Globally, Commvault has announced a multi-pronged transformation plan. Can you give us a regional perspective?
Since 2015, we have been executing on a plan to grow the market share and expand coverage. As a result, our growth is now in double digits. The changing threat landscape coupled with regulatory compliance is driving organisations to invest more in data management and protection solutions. What we are bringing to the table for our customers is RoI and TCO, not just technology.
We have expanded our team and extended coverage across the Middle East including the Levant. We have opened offices in Jordan, Lebanon, Iraq and Egypt. In fact, we recorded our highest business in Q1 this year even in the midst of a general market slump. Today, customers are willing to invest in the right value that brings them operational and cost efficiencies, and that is exactly what we offer.
Commvault has recently partnered with a slew of public cloud providers. Is your strategy going to be around hybrid IT environments?
Cloud is a key strategy for Commvault. If you look at all major cloud service providers including AWS, Microsoft Azure, Google Cloud, they are all looking for data-protection solutions and tools that can easily migrate data from on-premises to the cloud. This is the reason why they have chosen Commvault as we offer the only flexible cloud management platform with a unique data indexing technology. This allows customers to migrate their workloads to public cloud or even within the cloud seamlessly. We offer one single platform for cloud backup, recovery, management and e-discovery.
Is cloud computing gaining momentum in the Middle East?
Compared to other developed markets in EMEA, this region may have been a bit late to get onto the cloud bandwagon due to regulations on data sovereignty. However, cloud is gaining steam as more and more customers are starting to trust the technology and its benefits. All the top public cloud service providers are setting up shop here. AWS is opening data centres in Bahrain and Saudi; Microsoft and Oracle have announced plans to set up cloud data centres in the UAE. This will help customers feel more confident in terms of compliance. Historically, cloud in this region has been offered mainly by telecom service providers, but it was more around co-location or infrastructure-as-a-service. I believe the real business value of cloud computing is in moving your applications, not just infrastructure.
Last year, Commvault has rolled out hyperscale appliance and software. Is this a new architecture?
Yes, we believe scale-out architecture will become dominant in enterprise data centres. All customers have IT silos, and traditional appliance hardware for data protection can’t cope with the growth in data. We have aligned with multiple hardware vendors such as Cisco, Huawei and HPE to create reference architectures that we can offer to our customer base either in our own appliance or third-party hardware. These are tested and validated data management and protection solutions that can speed up deployment times so that customers don’t have to waste time in configuring and can scale up to petabytes.

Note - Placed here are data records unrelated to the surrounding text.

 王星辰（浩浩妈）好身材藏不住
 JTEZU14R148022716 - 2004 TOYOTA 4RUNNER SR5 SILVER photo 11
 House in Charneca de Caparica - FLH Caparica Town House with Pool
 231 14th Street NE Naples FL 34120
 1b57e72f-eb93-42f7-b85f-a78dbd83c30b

Why is scale-out preferred over scale-up?
The traditional approach is to get an appliance and when you need to expand capacity, stack more appliances on top of that. But the problem with scale-up is that none of these appliances can cascade, which means you can’t implement deduplication across the entire data set. This defeats the whole purpose of the technology. If you are an enterprise customer, you can’t keep filling your data centre with appliances and hardware. What makes us different is our intelligent software, not specialised hadware. When you talk about petabytes, none of the hardware vendors can do this in one single appliance. Our software will allow you to cascade servers and make it hyperscale. We don’t use dedicated hardware but do this on general purpose hardware. This shows real value to our customers in terms of sizing of hardware, power and footprint. If you are a customer with five petabytes of data, with certain technologies you’d typically need a minimum of two purpose-built appliances; we can do this with just five general purpose server-based storage nodes, completely eliminating the need for expensive storage controllers and dedicated media servers.